A POWERFUL RED SOX TEAM FAILS
IN THE WORLD SERIES ...
A great catch and doubleplay in
the ninth loses it for the Sox
August 1, 1946 ... Jackie Conway sold himself unanimously to one of the largest Ladies' Day crowds in baseball history, as the Indians took a deciding game of the current series with the
Red Sox, in a 2 to 1 thriller. With the bases loaded and only one out, in the first half of the ninth inning, Conway made a spectacular stab of a sinking Glenn Russell line drive and then doubled up pinch runner Don Gutteridge at first base to end the game with a crash.

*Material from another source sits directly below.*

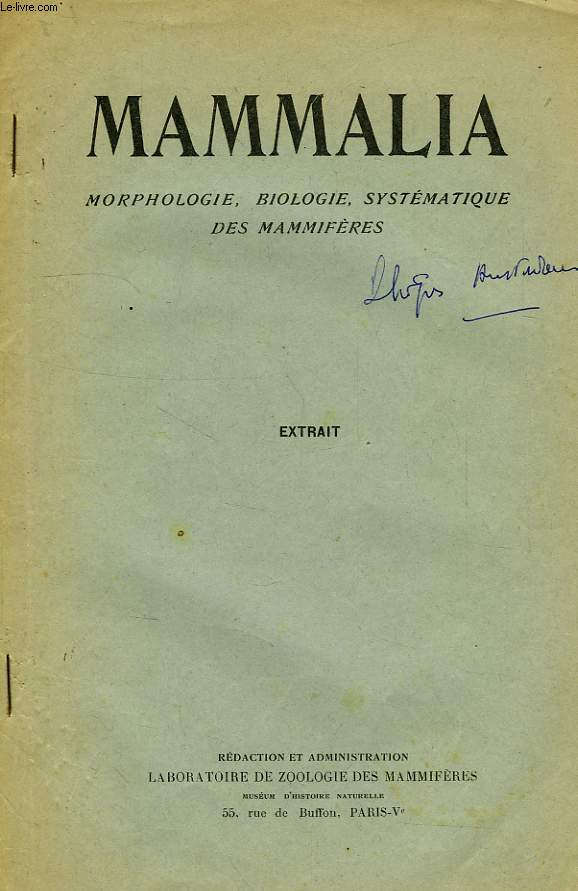 NOTE SUR LES PHOQUES DES ILES AMSTERDAM ET SAINT-PAUL, MAMMALIA, MORPHOLOGIE, BIOLOGIE, SYSTEMATIQUE DES MAMMIFERES, EXTRAIT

Bill (Barnum) Veeck gave the ladies in the crowd free nylons, further endearing the new owner to the fans. Because of the unprecedented and unexpected crunch of the fair sex, the start of the game was held up 20 minutes. But from the Boston standpoint, the whole story was condensed into the
ninth inning, which also saw for the first time this year, Dom DiMaggio yanked for a pinch-hitter.
With perfect fielding, Mel Harder and Joe Dobson would have had a scoreless deadlock going into the final round. The Sox helped the Indians to two runs in the third inning as Pat Seerey misjudging a Ted Williams line drive into a double, that led to the solitary Red Sox run in the fourth
After Ted had dribbled out to Harder to start the last inning, Rudy York and Bobby Doerr both singled. Paul Campbell, running for York, scooted to third on Doerr's base hit to center field. DiMaggio was walking to the plate, when Joe Cronin called him back and sent out Hal Wagner, who had
been sitting out with a shoulder bruise. When the switch was made, Lou Boudreau
went to Joe Berry from the Indians bullpen and sent Harder to the showers.
Berry started by walking Wagner on a 3-2 pitch and Gutteridge when in to run for him. Then Glenn Russell made two great tries to break it up. He pulled a ball past third that was an inch foul and then shifted the other way only to be con founded by Conway. Jackie grabbed Russell's liner at
full tilt, no more than 6 inches above the dirt and fired to first.
Most of the Red Sox team flew to Detroit immediately after the game, with a party that followed by taking a train in the evening. Bill Veeck announced that all the Indians home games would be played at the big Stadium and not be divided up between here and League Park next year.